Exposure to beta-blockers
Beta-blocker use was estimated by record linkage to the Swedish Prescribed Drug Register, which contains information on ATC code, pack defined daily dose (DDD) and date of dispensing. The following ATC codes were used to identify beta-blocker drugs: C07AB02, C07AB07, C07AB03, C07AA05, C07AG02, C07AA07, C07FB02, C07AG01, and C07AA03 (Supplementary Table 1). We calculated the index of exposure to beta-blockers as time-varying, in order to capture differential exposure over follow-up. Knowing exact dispensed dates, as well as corresponding pack DDD, we calculated the sliding-window CMA9 (continuous multiple interval measures of medication availability/gaps) in weekly (7 days) intervals over follow-up [27]. Briefly, the CMA9 is a modification of the medical possession ratio, representing a ratio of days’ supply of beta-blockers. If the exposure could not be estimated in a given window due to no record of prescription, a value of 0 was assigned.
Statistical analysis
Summary statistics are presented as frequencies and percentages for categorical variables and medians and interquartile ranges for continuous variables.

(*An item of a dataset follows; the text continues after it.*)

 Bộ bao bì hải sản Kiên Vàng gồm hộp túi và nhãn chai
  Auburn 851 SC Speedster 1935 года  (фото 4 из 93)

We computed a cumulative incidence curve for risk of invasive breast cancer in our study population, accounting for competing risks of emigration and death.
We used a series of Cox models to quantify the association of beta blocker exposure on time from diagnosis of DCIS until diagnosis of invasive breast cancer, censoring on date of emigration or death to allow for competing risks. Due to the relatively low number of events (48 occurrences of invasive breast cancer) we carefully selected a limited number of adjustment covariates based on subject matter expertise in order to avoid over-fitting.
In our model the exposure index was fitted as a time-varying cross-basis term to allow for delayed dependencies [28], see Supplementary Methods for further details. We used the following adjustment covariates: radiotherapy (yes, no), age at in situ diagnosis, and the logarithm of diagnosis date fitted as fixed in time adjustment covariates, and stratified on tumor grade (I–II, III, unknown).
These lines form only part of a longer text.